What the task asks → The copy you give must match the listing below exactly and contain no pictures.

Data extract →
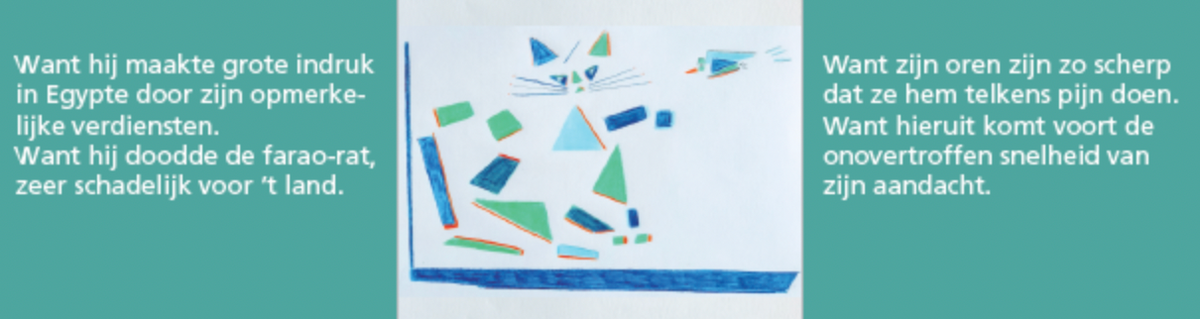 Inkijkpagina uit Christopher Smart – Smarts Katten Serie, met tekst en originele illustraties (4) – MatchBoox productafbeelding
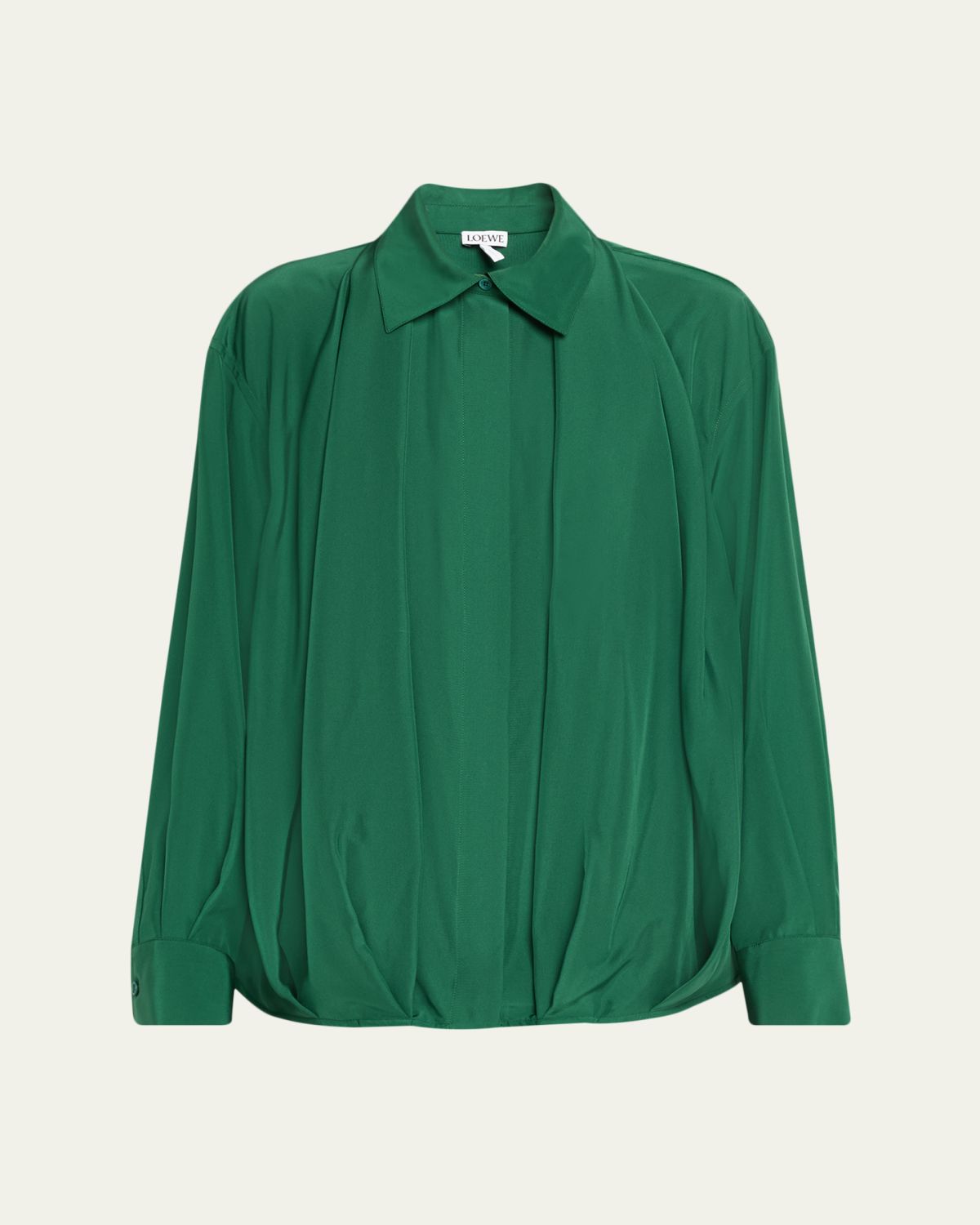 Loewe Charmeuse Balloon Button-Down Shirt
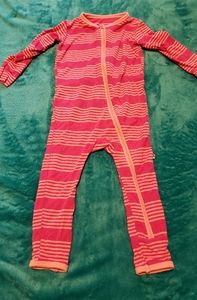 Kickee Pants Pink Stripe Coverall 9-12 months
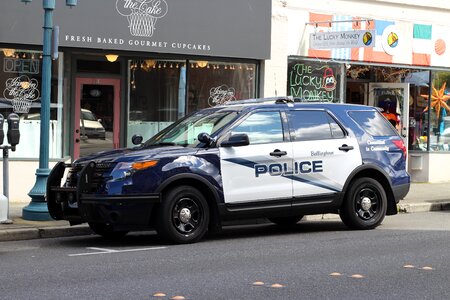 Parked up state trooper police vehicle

Task result →
 Inkijkpagina uit Christopher Smart – Smarts Katten Serie, met tekst en originele illustraties (4) – MatchBoox productafbeelding
 Loewe Charmeuse Balloon Button-Down Shirt
 Kickee Pants Pink Stripe Coverall 9-12 months
 Parked up state trooper police vehicle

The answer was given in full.